Nous fîmes nombre de charmantes excursions dans le voisinage, et nous aurions bien voulu, mon ami et moi, pouvoir rester plus longtemps; mais, comme ni nos projets ni nos finances ne nous le permettaient, nous partîmes pour l’île Vancouver, en compagnie de la plupart de ceux de nos compagnons de voyage qui étaient venus avec nous d’Angleterre.

Nous étions en outre accompagnés par trois ou quatre cents mineurs californiens que la réputation grandissante des nouveaux terrains aurifères attirait vers la Colombie anglaise.

CHAPITRE III
L’ARRIVÉE

Le nombre beaucoup moins grand des passagers nous permettant d’avoir un peu plus nos aises à bord, notre voyage fut infiniment plus agréable de San-Francisco à Vancouver qu’il ne l’avait été de Panama à San-Francisco.

Toutefois, lorsque nous approchâmes enfin du but de cette longue traversée, un changement profond se manifesta parmi les «jeunes». Ce voyage, à vrai dire, n’avait été pour nous, jusque-là, qu’un voyage d’agrément; mais le moment arrivait de songer que nous allions être aux prises avec de dures réalités, et que notre vie d’aventures ne faisait que de commencer.

En peu de jours, l’air d’insouciante gaieté qui, pour ainsi dire, ne nous avait pas quittés depuis notre départ, fit place à un sentiment d’impatience, à une sorte d’agacement nerveux qui, sans bannir l’espérance, trahissait nos inquiétudes.
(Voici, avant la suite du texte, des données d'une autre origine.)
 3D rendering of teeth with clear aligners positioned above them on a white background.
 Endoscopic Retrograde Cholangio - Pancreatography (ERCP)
L’adolescent (la plupart d’entre nous n’étaient encore que cela) se sentit presque soudainement transformé, changé en homme. Les liens de l’amitié, qui n’avaient été qu’ébauchés, se resserrèrent plus étroitement; on forma des plans d’association; on se mit, d’un œil plein parfois de regrets et de repentirs, à compter son argent et à tirer plus fréquemment de sa cachette le portrait chéri d’une mère ou d’une fiancée.

Comme contraste à nos manières et à notre conduite, on ne saurait rien concevoir de plus complet que la conduite et les manières des vieux routiers qui se trouvaient parmi nous. D’abord, en thèse générale, rien n’égale le stoïcisme et le sang-froid de celui qui, depuis longtemps, a fait de la recherche de l’or sa profession. Des alternatives successives de bonheur et de malheur, dans lesquelles le malheur n’a que trop souvent prédominé, l’ont rendu plus indifférent que qui que ce soit au monde et aux circonstances qu’il traverse.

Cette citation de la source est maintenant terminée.